There were other setbacks in international fronts as in our struggles in the SEA Games in Singapore despite the winning efforts of some of our athletes like the tracksters, and our missing the chance to make a return trip to the Olympics by yielding to the Chinese in Changsha.

But in all these we displayed our  big fighting heart for all the world to see.

There were golden as well as nail-biting moments to recall like the wushu artists victorious stints in the world conclave and Letran’s magnificent  conquest of multi-titled San Beda for the NCAA crown and Far Eastern U’s emergence as the winningest team in the UAAP, beating UST in sudden death.

And then there’s the continued resurgence of women’s volleyball behind a bevy of beauteous volleybelles, led by Ateneo’s Alyssa Valdez.

At the close of the year, the second wave of tennis megastars led by Rafael Nadal and Serena Williams descended on the Mall of Asia Arena to strut world-class tennis in the International Premier Tennis League and Miguel Tabuena topping the Philippine Open.

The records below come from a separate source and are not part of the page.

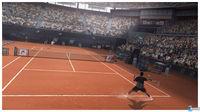 Imagen 1 de Top Spin 4 para Wii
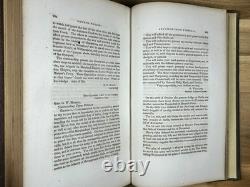 1864 George McClellan Report of Campaigns of Army of the Potomac Civil War Maps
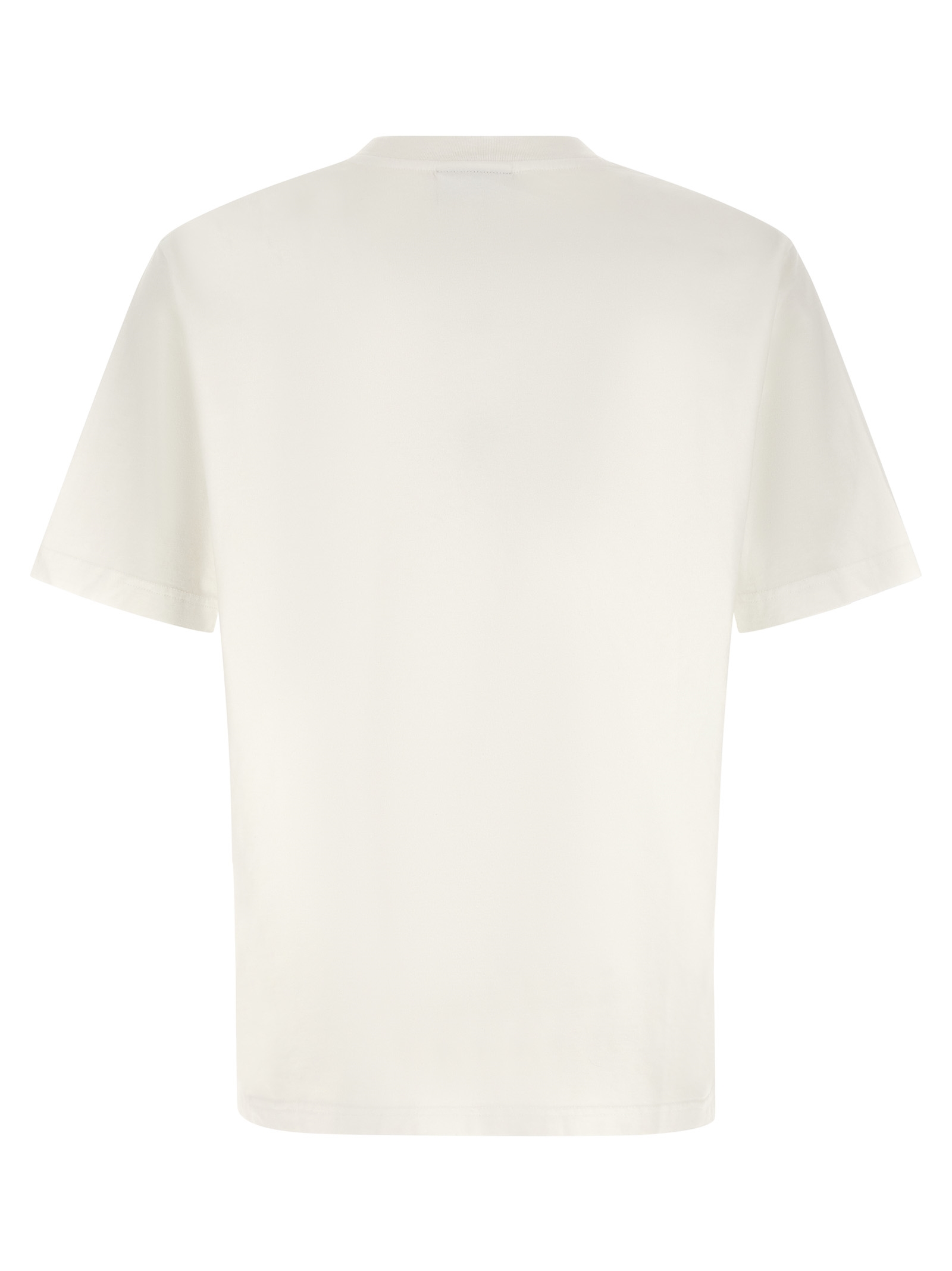 'Dreaming Fox' T-shirt - immagine 2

And so fasten your seatbelts, folks,  as we make another trip to the top 10 events in Philippine sports.

1 . Clash of the Century: Manny bows to Floyd Jr

The world ground to a halt and time stood still for what was billed as the “Fight of the Century.”

After years in the making, the two biggest stars in all of sports, Manny Pacquiao and Floyd Mayweather Jr., finally met inside the ring in what turned out to be the richest fight in history.

Mayweather was sharp and elusive, as always, and ran away with a unanimous decision that helped him preserve his unbeaten record until his retirement, his second, last September.

Pacquiao fought hard, as always, but in the post-fight press conference he revealed a shoulder injury that he had for some time, and aggravated just a couple of weeks before the fight.

The Filipino boxing icon said he hurt his shoulder in the fourth round, but still chased Mayweather the rest of the way , displaying courage and guts but failed to pull off the win.

Pacquiao underwent operation four days after the fight. He hasn’t fought since that night of May 2 at the jampacked MGM Grand in Las Vegas.

Pacquiao felt he won the fight and said he gave his best.

In the end, both boxers earned more than they expected, in the hundreds of millions, fat paychecks no other athlete could earn in 10 lifetimes.

Mayweather is now retired and vowed never to fight again.

Pacquiao, on the other hand, is running for senator in the May 2016 Philippine elections. He’s set to return to the ring in April but has yet to choose his opponent.

It’s being billed as Pacquiao’s farewell fight.

Yet, he’s still hoping for a rematch with Mayweather.

“When I’m one-hundred percent,” he said. – Abac Cordero

2 . Gilas yields to China in FIBA Asia tourney qualifier

The members of Gilas Pilipinas during the Changsha FIBA Asia Championship

 For the second straight FIBA Asia Championship, Gilas Pilipinas settled for first runner-up honors, coming up short versus China, 67-78, in the finale before a hostile crowd at the Changsha Social Work College Gymnasium in the Hunan capital city.

The Nationals made a stirring run highlighted by an 87-73 conquest of titleholder Iran during the group plays, but couldn’t beat the tall Chinese side and all the tricks the hosts pulled before and during the gold-medal game.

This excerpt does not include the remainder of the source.